Slack notifications: Developers would get a Slack notification when one of their builds failed, succeeded, or if someone had requested their review, with the goal of tightening development loops and review turnarounds. I’m including this because it’s interesting and it was a good implementation, but it was also kind of an anti-feature – the only reason build notifications were needed is because builds took so long, and the idea of fast reviews is nice, but carried a definite price tag as developers were wedded all day to Slack, with distracting notifications firing constantly.
Livegrep: This one’s a public project originally started by a Stripe engineer, and in essence, a search engine for code that stays fast even where there’s millions of lines worth of it, so it can index every repository in use at your organization.
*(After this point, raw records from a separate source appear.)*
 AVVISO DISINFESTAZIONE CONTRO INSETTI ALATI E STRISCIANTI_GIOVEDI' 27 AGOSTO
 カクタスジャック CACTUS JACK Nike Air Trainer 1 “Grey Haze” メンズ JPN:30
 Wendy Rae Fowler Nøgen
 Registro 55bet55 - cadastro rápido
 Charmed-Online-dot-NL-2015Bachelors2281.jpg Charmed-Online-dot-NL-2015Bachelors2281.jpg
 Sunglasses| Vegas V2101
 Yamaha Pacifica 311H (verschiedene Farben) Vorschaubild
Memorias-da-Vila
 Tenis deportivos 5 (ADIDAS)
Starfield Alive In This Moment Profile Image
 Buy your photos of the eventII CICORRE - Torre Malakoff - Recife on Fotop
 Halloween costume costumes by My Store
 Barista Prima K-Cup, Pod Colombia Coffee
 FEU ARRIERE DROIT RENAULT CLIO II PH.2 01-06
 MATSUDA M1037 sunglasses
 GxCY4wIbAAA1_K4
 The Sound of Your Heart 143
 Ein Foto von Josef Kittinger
Tools like the silver searcher (ag) are fine for single repos, but it’s useful having a place you can go where you’re trying to search for an error message produced by an obscure project that you’ve never even heard of.
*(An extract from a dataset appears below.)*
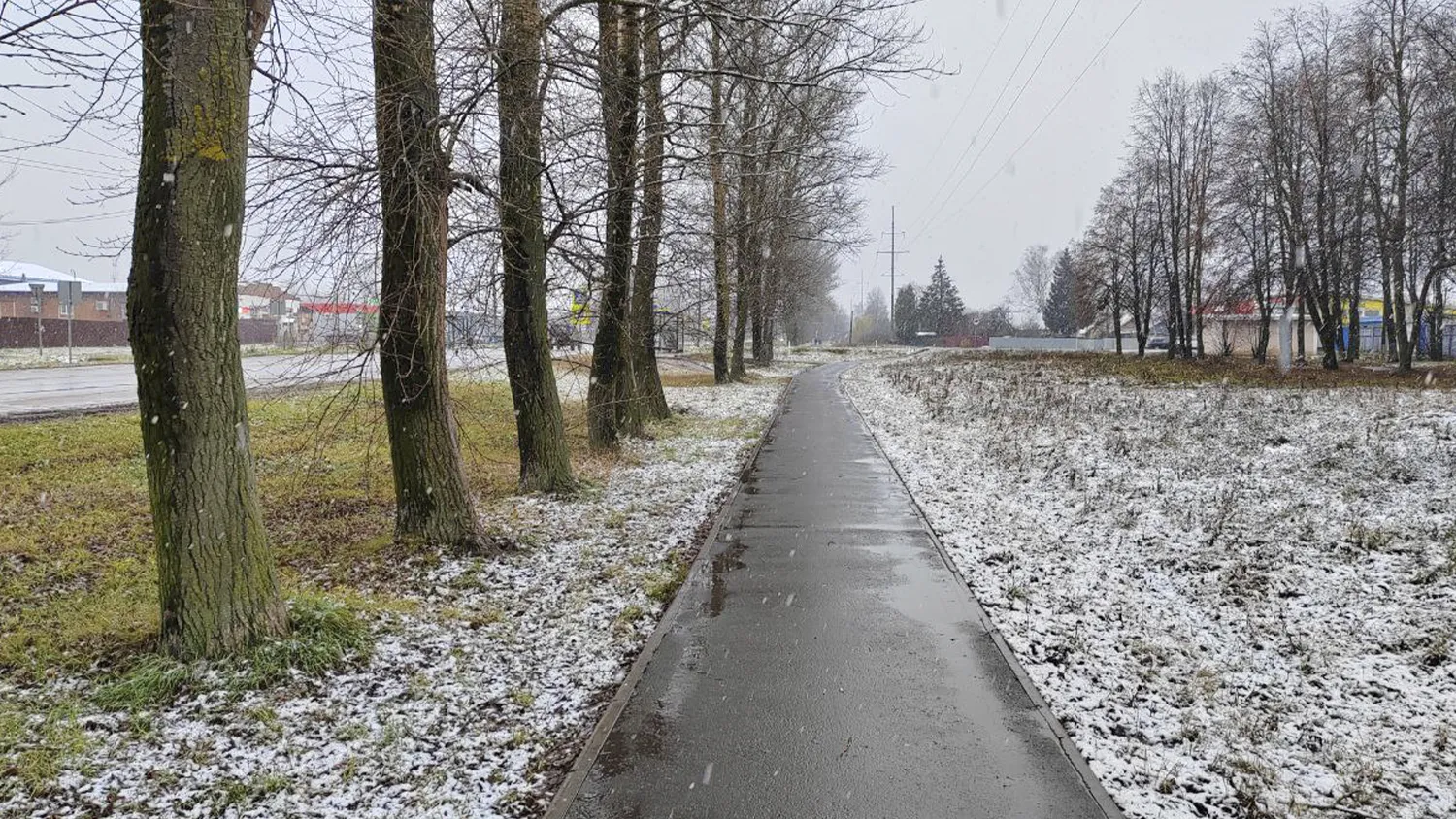 Фото: Евгений Мазепов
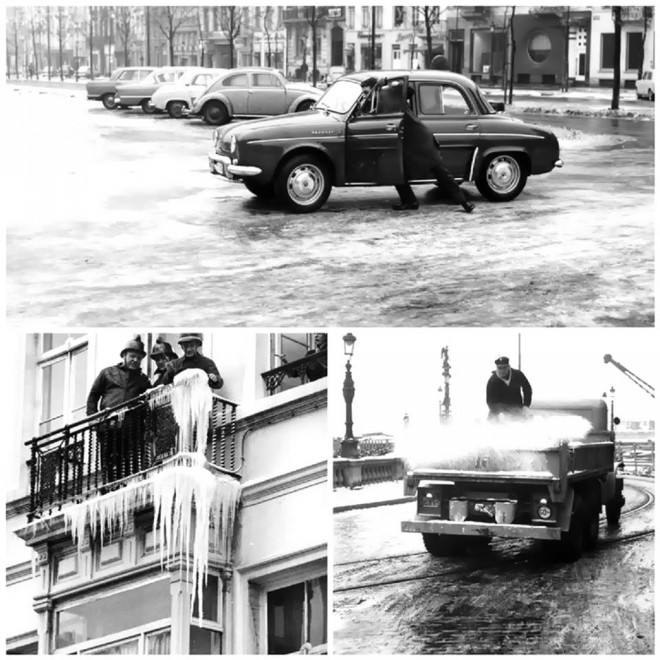 Hiver 1962-1963 à Bruxelles..jpg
I should caveat that Stripe has a lot of uncool tools too – at one point we went full Atlassian for reasons that I still don’t understand (I swear that in aggregate the use of JIRA in the country’s biggest enterprises must be reducing GDP by a full single digit), but the company has a lot of great stuff. It was very good at periodically observing pain points that were costing productivity, and tasking people to reduce them, thereby producing more compound leverage across the whole organization.

Go ORMs and text

Speaking of cool tools, Postgres is a cool tool. Last week I published two articles on it:

How we went all in on sqlc/pgx for Postgres + Go: Where I argue that if you’re using Postgres with Go, sqlc is the ORM-adjacent tool that you want.
Postgres: Boundless text and back again: Where I make the case that as great as Postgres’ TEXT type is, you might still want to use a VARCHAR instead.

California streamin'

With Apple’s annual iPhone announcement event having come and gone already (“California Streaming” – give whoever came up with that one a raise – perfect), I was just reflecting on how far tooling in the form of hardware’s come in just a decade or so.

The first laptop I ever bought myself was Apple’s plastic MacBook in my last year of university. It was okay. Good for the time, but weird issues around the plastic discolouring and peeling back, and although you’d get a few classes worth of power out of it, you didn’t leave home without a charging brick. I would’ve been using a Motorola KRZR at the time, with which I’d occasionally text people at three words per minute.
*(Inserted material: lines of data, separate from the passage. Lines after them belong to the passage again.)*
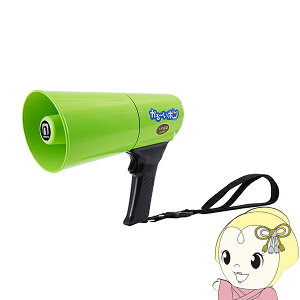 y12/5͊ԌN[|szm{d@ 4.5W `z O[ yʁEϐEϏՌdl Kz TD-501Gy/srmz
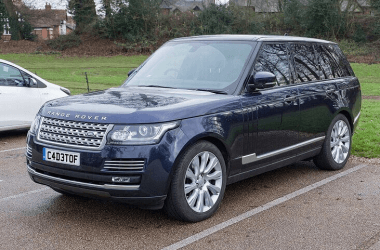 The Worst Cars for Long-Term Ownership, According to Owners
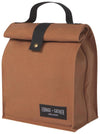 Now Designs Forage & Gather Lunch Bag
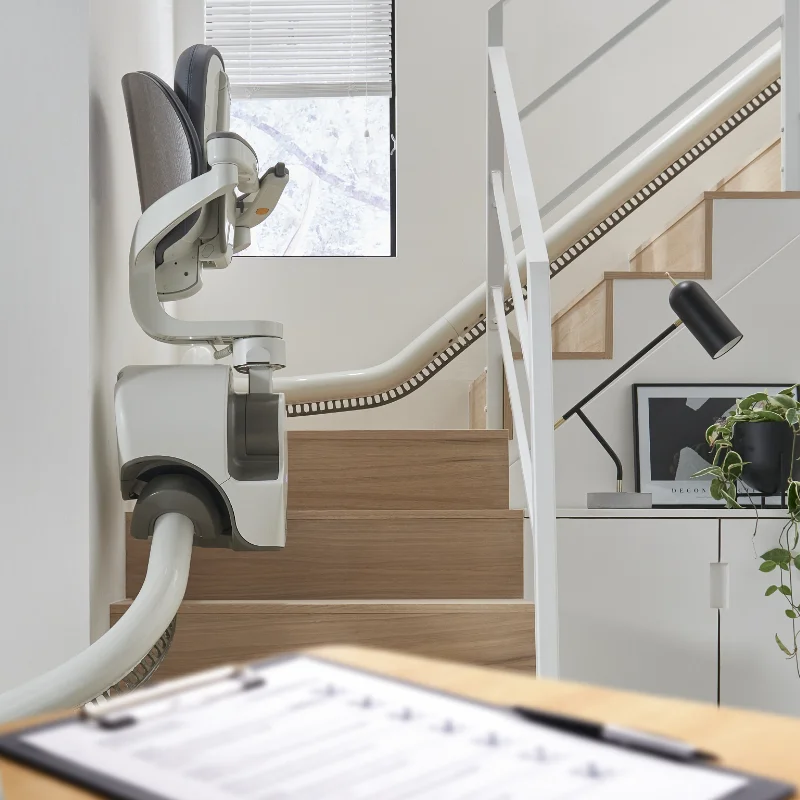 Was kostet eine Wartung?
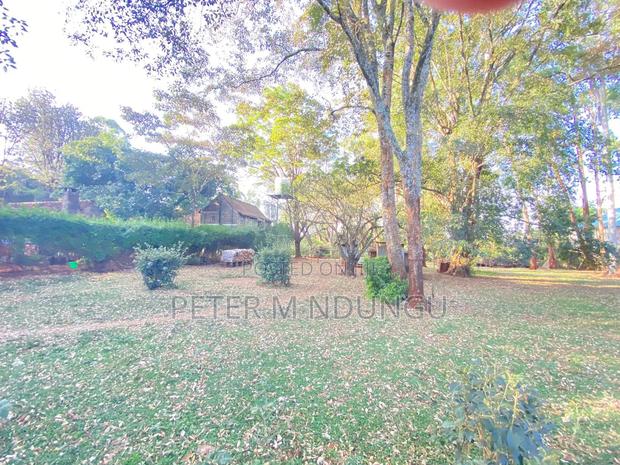 Prime Land 2.5 Acres, Ridgeways - main view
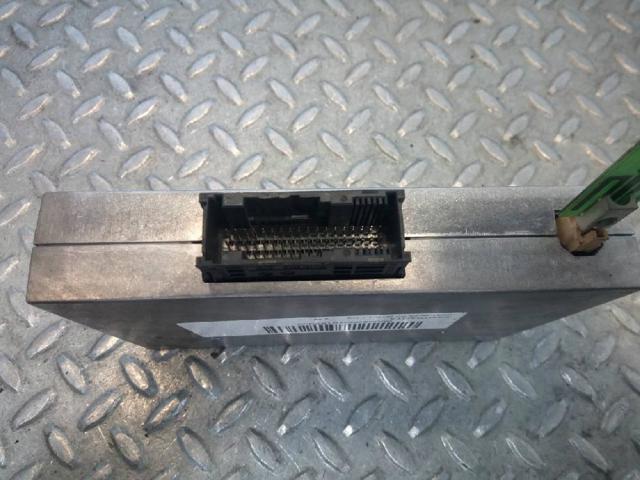 1Z0035729E VAG Блок управление Bluetooth купить в Киев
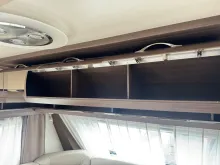Fahrzeugbild Hobby Prestige 650 WFU #10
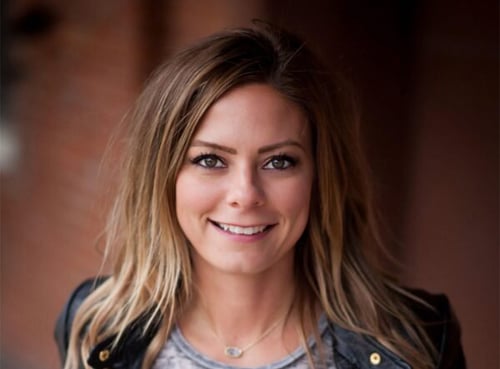 Can I Have Your Number? Enneagram Explained, with Becky Allen!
Fast forward to today, the iPhone 13 pushes the 12’a already-tremendous battery life another 2.5 hours, and is a few orders of magnitude more powerful than my old MacBook. I’m still using a five-year old iPad Pro, but it’s still perfect, with almost edge-to-edge screen and charged only once a week. Laptops were the final frontier in decent on-the-go battery, but Apple’s M1 finally cracked that one too – usable all day as long as you remember to plug the computer in overnight.

The world is more messed up than ever, and the very fabric of our civilization might be coming apart, but g’damn do we ever have some cool tools.

Until next week.

¹ We’d often offer tacit support for old language versions considered deprecated by core because so many users have trouble upgrading in a timely manner.